Dikkat eksikliği hiperaktivite bozukluğu (DEHB) ve otizm, yetişkinlerde de bu koşullara sahip olmasına rağmen, tipik olarak çocukluk çağında teşhis edilen durumlardır. DEHB ve otizm ayrı ve belirgin koşullar olmakla birlikte, araştırmacılar bu koşullar arasında bazı bağlantılar veya benzerlikler olduğunu bulmuşlardır. Örneğin, DEHB ile otizm arasındaki bağlantılar özellikle sergilenen bazı davranışlardaki benzerliklerle ve kromozomal konumlarındaki benzerlik ile ilgilidir.
İki koşul arasında fark olmasına rağmen, benzerlikler de var. Hem otistik hem de DEHB çocukları hareketlerinde sinir krizi veya rahatsızlık gösterebilir ve uygun olmayan kıkırdama, gülme, kesinti veya konuşma olabilir. Küçük göz teması olabilir veya çocuk talimatları dinlemiyor gibi görünebilir. Çocuk itici olabilir veya sıklıkla dikkatsiz hatalar yapmış gibi görünebilir. İyi ve kaba motor becerilerinde tutarsızlık veya problemler olacaktır.
Araştırmacılar artık geçmişte olduğundan daha genetik bilgi sahibi olduklarından, çeşitli koşulların genetik nedeni ile ilgili bilgi arayabiliyorlar. Bu tür araştırmalar, koşulların fiziksel bir perspektiften nasıl ve niçin oluştuğunun kalbine gider. Amerikan İnsan Genetiği Dergisi tarafından yayınlanan bir çalışmada araştırmacılar, DEHB ve otizmin farklı olmasına rağmen, aslında her ikisinin de kromozom 16'da bulunduğunu buldular.
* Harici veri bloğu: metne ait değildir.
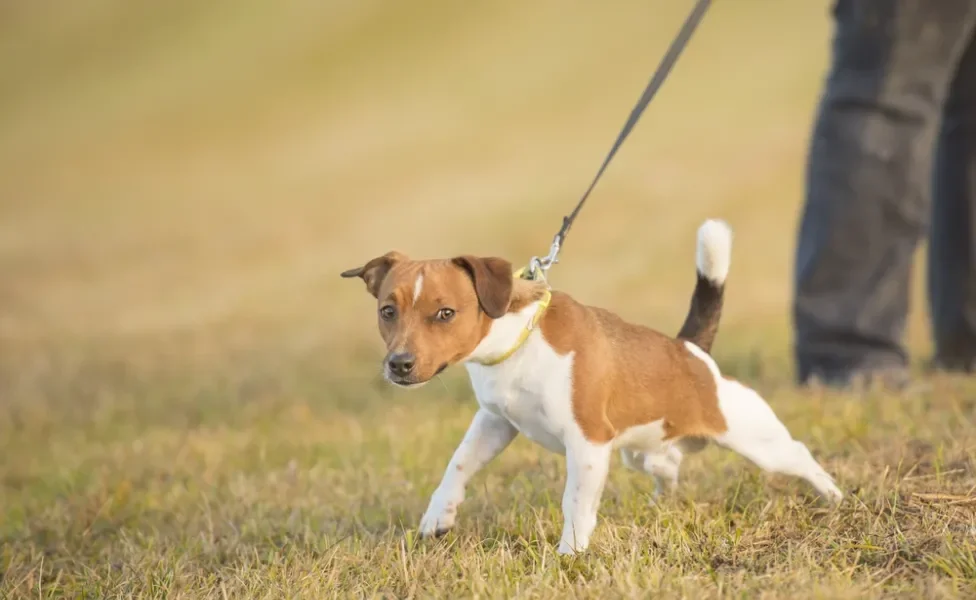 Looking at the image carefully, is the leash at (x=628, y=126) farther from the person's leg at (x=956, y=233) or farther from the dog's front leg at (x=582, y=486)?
the person's leg at (x=956, y=233)

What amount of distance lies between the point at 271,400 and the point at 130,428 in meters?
0.99

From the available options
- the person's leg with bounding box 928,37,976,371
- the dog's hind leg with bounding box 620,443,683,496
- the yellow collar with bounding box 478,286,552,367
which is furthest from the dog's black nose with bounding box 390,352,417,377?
the person's leg with bounding box 928,37,976,371

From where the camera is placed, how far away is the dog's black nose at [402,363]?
10.5 feet

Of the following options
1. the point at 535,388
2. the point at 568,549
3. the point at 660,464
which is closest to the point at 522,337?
the point at 535,388

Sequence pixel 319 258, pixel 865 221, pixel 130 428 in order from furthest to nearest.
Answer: pixel 319 258, pixel 130 428, pixel 865 221

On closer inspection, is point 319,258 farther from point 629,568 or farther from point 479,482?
point 629,568

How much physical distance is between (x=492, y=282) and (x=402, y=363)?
0.39 m

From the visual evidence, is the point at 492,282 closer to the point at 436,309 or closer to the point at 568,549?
the point at 436,309

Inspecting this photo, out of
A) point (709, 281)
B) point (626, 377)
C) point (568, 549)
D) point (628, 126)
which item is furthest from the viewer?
point (628, 126)

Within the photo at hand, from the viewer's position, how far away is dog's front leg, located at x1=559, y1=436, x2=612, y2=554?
3.47m

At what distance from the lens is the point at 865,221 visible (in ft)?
20.1

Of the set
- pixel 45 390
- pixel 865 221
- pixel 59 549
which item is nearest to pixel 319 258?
pixel 45 390

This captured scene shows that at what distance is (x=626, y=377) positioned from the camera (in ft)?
12.1

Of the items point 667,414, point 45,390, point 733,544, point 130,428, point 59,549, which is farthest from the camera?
point 45,390
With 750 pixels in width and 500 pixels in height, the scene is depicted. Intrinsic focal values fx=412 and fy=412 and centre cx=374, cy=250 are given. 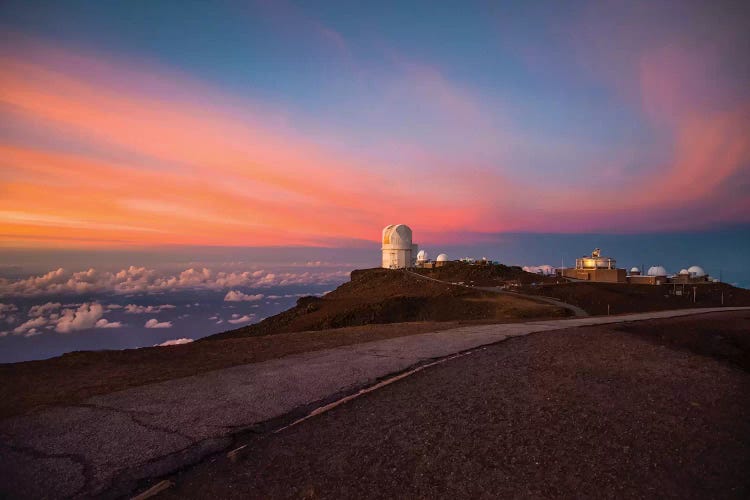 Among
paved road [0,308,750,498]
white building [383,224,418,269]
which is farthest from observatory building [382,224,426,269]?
paved road [0,308,750,498]

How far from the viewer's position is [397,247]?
2635 inches

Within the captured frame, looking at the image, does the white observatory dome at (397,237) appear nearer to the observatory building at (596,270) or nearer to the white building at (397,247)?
the white building at (397,247)

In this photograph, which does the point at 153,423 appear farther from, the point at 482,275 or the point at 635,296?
the point at 482,275

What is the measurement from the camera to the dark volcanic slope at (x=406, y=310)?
3272 cm

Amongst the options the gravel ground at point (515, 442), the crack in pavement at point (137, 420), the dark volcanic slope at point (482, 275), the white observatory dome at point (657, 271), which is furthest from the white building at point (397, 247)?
the crack in pavement at point (137, 420)

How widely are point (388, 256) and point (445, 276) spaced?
14.2 m

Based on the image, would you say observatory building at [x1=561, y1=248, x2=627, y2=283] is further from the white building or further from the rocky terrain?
the white building

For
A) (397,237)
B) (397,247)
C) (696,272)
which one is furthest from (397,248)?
(696,272)

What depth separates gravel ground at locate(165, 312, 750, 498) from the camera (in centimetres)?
462

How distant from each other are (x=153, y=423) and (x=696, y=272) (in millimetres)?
72351

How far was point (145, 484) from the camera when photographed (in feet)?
15.5

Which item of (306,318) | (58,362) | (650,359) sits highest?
(650,359)

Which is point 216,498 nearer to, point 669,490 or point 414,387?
point 414,387

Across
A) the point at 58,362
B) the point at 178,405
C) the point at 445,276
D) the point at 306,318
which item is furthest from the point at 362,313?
the point at 178,405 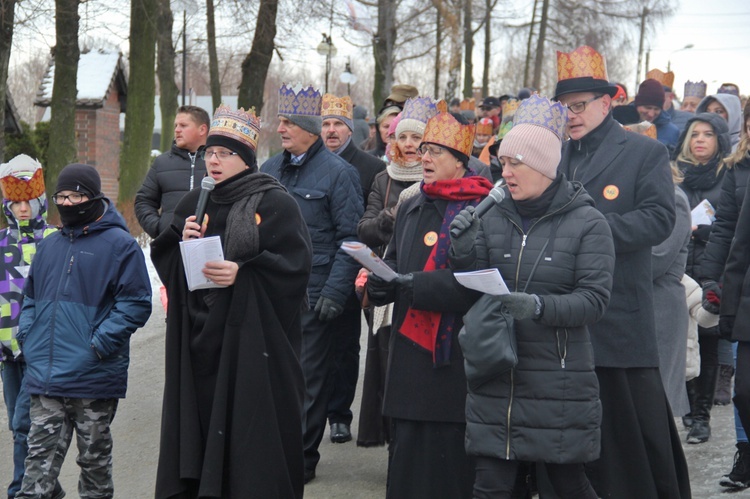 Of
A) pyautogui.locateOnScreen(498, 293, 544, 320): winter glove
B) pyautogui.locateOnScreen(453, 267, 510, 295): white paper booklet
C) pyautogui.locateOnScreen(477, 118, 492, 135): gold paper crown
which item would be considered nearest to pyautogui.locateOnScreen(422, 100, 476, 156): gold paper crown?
pyautogui.locateOnScreen(453, 267, 510, 295): white paper booklet

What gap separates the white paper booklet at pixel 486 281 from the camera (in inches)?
169

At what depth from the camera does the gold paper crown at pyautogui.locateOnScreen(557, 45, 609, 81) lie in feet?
18.1

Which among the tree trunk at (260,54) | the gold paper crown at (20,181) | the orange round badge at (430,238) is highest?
the tree trunk at (260,54)

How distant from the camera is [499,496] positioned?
14.9ft

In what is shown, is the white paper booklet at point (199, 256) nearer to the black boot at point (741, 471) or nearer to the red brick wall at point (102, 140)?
the black boot at point (741, 471)

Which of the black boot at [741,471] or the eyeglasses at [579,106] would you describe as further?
the black boot at [741,471]

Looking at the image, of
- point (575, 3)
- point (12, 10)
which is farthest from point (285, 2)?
point (575, 3)

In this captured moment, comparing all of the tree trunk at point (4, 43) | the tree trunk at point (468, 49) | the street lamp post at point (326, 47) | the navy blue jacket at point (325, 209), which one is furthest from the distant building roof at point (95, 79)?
the navy blue jacket at point (325, 209)

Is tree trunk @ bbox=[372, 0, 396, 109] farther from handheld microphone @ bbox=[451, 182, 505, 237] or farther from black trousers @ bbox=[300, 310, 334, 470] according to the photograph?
handheld microphone @ bbox=[451, 182, 505, 237]

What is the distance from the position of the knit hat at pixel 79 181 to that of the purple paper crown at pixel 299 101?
1.65 meters

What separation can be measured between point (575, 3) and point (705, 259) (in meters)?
36.4

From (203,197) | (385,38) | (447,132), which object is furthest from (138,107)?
(203,197)

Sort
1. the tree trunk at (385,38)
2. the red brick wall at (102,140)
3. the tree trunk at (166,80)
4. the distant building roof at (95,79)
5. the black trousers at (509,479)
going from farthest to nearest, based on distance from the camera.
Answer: the distant building roof at (95,79) < the red brick wall at (102,140) < the tree trunk at (385,38) < the tree trunk at (166,80) < the black trousers at (509,479)

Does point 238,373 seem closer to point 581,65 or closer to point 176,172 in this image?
point 581,65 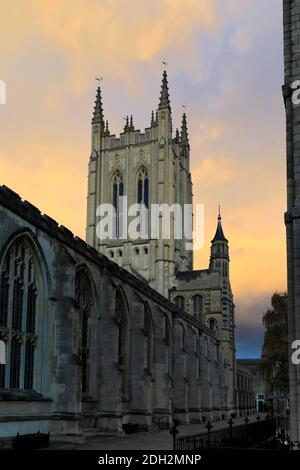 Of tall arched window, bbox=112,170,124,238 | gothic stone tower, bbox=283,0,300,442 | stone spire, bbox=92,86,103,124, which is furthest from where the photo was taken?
stone spire, bbox=92,86,103,124

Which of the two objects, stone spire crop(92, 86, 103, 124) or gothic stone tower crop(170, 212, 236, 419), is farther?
stone spire crop(92, 86, 103, 124)

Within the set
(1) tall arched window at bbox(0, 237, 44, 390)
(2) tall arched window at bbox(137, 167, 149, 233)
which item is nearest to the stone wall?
(1) tall arched window at bbox(0, 237, 44, 390)

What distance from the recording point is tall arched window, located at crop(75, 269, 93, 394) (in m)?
33.1

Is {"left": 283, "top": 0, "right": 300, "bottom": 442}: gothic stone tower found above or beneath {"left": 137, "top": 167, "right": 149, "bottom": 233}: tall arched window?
beneath

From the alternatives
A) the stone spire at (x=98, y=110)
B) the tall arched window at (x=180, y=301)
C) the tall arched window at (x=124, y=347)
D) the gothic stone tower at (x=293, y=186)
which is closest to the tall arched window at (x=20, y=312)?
the gothic stone tower at (x=293, y=186)

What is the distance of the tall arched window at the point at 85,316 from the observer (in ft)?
108

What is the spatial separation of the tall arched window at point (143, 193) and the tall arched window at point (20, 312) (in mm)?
59806

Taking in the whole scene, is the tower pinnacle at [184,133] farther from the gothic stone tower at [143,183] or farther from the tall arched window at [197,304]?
the tall arched window at [197,304]

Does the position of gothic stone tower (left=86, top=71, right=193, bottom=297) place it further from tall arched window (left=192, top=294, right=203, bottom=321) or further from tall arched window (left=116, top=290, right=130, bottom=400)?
tall arched window (left=116, top=290, right=130, bottom=400)

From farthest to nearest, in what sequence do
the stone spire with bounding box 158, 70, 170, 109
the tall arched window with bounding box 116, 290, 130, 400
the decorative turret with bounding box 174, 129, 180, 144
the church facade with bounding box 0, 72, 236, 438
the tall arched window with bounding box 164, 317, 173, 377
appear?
the decorative turret with bounding box 174, 129, 180, 144 → the stone spire with bounding box 158, 70, 170, 109 → the tall arched window with bounding box 164, 317, 173, 377 → the tall arched window with bounding box 116, 290, 130, 400 → the church facade with bounding box 0, 72, 236, 438

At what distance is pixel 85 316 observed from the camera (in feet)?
111

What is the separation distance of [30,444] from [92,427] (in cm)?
1074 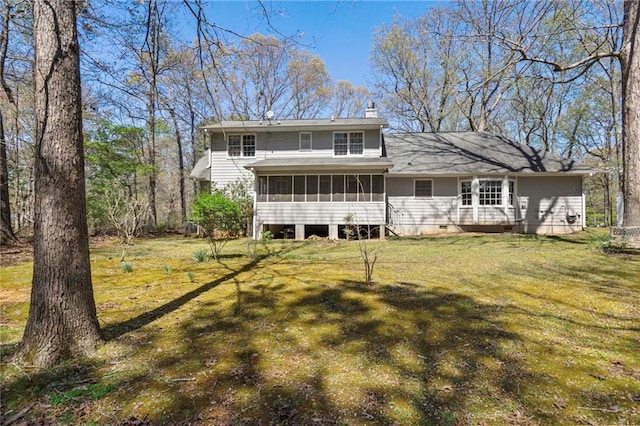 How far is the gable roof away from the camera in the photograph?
46.6ft

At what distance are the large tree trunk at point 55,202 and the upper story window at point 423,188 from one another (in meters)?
13.8

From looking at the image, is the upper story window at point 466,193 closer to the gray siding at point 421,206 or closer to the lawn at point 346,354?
the gray siding at point 421,206

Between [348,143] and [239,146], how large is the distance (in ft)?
17.8

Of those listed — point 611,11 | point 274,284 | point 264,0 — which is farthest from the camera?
point 611,11

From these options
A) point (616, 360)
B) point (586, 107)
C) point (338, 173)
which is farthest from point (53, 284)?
point (586, 107)

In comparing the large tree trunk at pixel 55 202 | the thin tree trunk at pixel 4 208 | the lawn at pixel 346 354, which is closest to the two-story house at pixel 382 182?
the thin tree trunk at pixel 4 208

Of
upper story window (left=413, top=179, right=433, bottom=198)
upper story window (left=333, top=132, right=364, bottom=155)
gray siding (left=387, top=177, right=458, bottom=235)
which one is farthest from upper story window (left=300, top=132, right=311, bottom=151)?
upper story window (left=413, top=179, right=433, bottom=198)

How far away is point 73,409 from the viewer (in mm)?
2199

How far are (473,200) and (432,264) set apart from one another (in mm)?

İlk önce, kromozomun (16) hem DEHB'de hem de otizmde nasıl yer alabildiği tam olarak anlaşılmamıştır, çünkü benzerlikler olsa da, her durumda semptomların dış görünümünde belirgin farklılıklar vardır. Daha sonra, bazı araştırmacılar, genlerin mutlaka her zaman yalnızca bir tanıya özgü olmadıklarını düşünüyorlardı. Başka bir deyişle, bir genin bir kişiyi, yalnızca bir duruma karşı bir dizi koşul geliştirmeye potansiyel olarak yatkınlaştıracağını düşünmüşlerdir. Kromozomun (16), bir kişiyi DEHB'ye, otizme veya kromozomun (16) sadece bir koşulu öngördüğü gibi çeşitli koşullardan birine tahsis etmesinin mümkün olduğunu düşündüler.
Her ne kadar araştırmacılar otizm ve DEHB'nin kromozom 16 bölgesinde bulunduğunu bulmuş olsalar da, araştırmacılar yine de çevre ile ilgili faktörlerin de bu koşullara dahil olduğundan şüpheleniyorlar. Örneğin, ortamın kromozomun 16 ifadesini etkilediğine ve bir kişinin DEHB veya otizmi olup olmayacağının belirlenmesinde rol oynadığına inanıyorlar. Bu konuyla ilgili araştırmalar devam etmektedir ve araştırmacılar, DEHB ve otizm ile ilgili genetik ve çevre arasındaki etkileşimin doğasını daha da belirlemek için çaba göstermektedir.